Читаем Мне повезло: я всю жизнь рисую! полностью

В перерыве между «нашими» ходил мальчик Витя Топоров, сын адваката Топоровой и шептал: «Мама очень просит быть сдержанными, а то устроют провокацию и всех удалят из зала». Но быть сдержанными было очень трудно, в курилке моя теперешняя жена Вика залепила пощечину гнусному Воеводину, обвинителю от Союза писателей. От своего отца она знала, что отец Иосифа Александровича —— Александр Иванович в блокаду буквально спас от смерти старшего Воеводина, а теперь сын участвовал в травле Иосифа.

— Многие считали и до сих пор уверены, даже на Западе, что Бродский своей славой обязан суду.

Виктория Беломлинская: Вы знаете, у последующего поколения поэтов была совершенно бредовая идея, что им нужно попасть в тюрьму, чтобы завоевать славу. Но недаром Иосиф очень не любил вспоминать о своем суде. Потому что брошенное кем-то неумное мнение, что его «сделал суд» — глупое и ложное. До суда целый круг его ровесников признал в нем гения. И хотя слово это достаточно расхожее, но применительно к Иосифу оно приобретает свой губокий, исконный смысл. В нем с юности были все приметы гения. Они были в опережающей возраст мудрости, и в тех провидениях, которые есть в его стихах. Взять хотя бы «Письма римскому другу»: «Как сказал мне старый раб перед таверной: „Мы, оглядываясь, видим лишь руины“. Взгляд, конечно, варварский, но верный…» А ведь когда это было написано — в 1972 году!

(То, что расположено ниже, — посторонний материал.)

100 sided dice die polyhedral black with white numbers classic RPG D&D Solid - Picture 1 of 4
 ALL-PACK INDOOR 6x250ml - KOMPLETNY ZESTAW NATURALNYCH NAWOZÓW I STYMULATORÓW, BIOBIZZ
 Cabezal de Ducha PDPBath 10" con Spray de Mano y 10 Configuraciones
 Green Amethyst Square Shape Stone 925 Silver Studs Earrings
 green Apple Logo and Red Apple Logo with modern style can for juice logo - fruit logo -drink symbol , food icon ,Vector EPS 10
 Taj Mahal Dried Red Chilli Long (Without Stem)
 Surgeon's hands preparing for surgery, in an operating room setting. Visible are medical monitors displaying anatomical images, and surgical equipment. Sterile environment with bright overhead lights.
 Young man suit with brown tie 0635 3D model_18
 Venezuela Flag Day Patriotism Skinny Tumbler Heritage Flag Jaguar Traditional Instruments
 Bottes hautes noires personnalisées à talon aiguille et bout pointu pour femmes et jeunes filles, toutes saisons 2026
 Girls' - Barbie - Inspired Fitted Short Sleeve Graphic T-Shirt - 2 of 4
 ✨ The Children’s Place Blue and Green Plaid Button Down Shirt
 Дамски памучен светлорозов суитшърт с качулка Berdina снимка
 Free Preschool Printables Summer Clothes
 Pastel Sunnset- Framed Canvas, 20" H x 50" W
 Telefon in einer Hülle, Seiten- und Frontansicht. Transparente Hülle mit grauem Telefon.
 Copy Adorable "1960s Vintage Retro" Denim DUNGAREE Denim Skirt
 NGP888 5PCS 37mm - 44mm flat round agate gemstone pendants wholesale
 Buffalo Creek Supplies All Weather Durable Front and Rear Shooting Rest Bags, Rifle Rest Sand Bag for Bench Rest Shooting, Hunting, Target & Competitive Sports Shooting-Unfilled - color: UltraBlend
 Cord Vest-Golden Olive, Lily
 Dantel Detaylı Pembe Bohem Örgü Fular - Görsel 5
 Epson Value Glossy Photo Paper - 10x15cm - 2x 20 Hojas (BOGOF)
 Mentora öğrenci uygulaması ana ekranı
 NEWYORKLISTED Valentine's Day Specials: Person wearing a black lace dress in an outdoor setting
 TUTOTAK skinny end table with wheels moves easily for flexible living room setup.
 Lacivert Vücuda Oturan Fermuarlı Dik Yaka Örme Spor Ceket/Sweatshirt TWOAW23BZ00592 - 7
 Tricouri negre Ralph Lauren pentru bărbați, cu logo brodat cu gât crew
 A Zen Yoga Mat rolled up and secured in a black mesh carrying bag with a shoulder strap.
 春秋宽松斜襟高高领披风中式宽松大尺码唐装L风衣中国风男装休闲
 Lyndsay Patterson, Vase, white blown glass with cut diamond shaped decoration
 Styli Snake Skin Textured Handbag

Е. Рейн и И. Бродский. Фотография, подаренная В. Беломлинской.

Стишок на обратной стороне фотографии: " Любимая Виктория! Какая траектория, разводит и сближает нас, хранит и обижает нас? Зачарованные ИБ и ЕР»

— Ваши отношения продолжались после возвращения Иосифа из ссылки?

— Да, продоложались. 26 июля 1968 года на мой день рождения Бродский и Рейн написали мне шуточное поздравление на обороте картинки из журнала Playboy. Там была сфотографирована красавица, лежащая на леопардовой шкуре:

Таланту исполинскому ——

Мишелю Беломлинскому,

без вожделенья скотского,

от Рейна и от Бродского.

Баллада с посылкой

1

Забудь, Мишель, свой дар ничтожный.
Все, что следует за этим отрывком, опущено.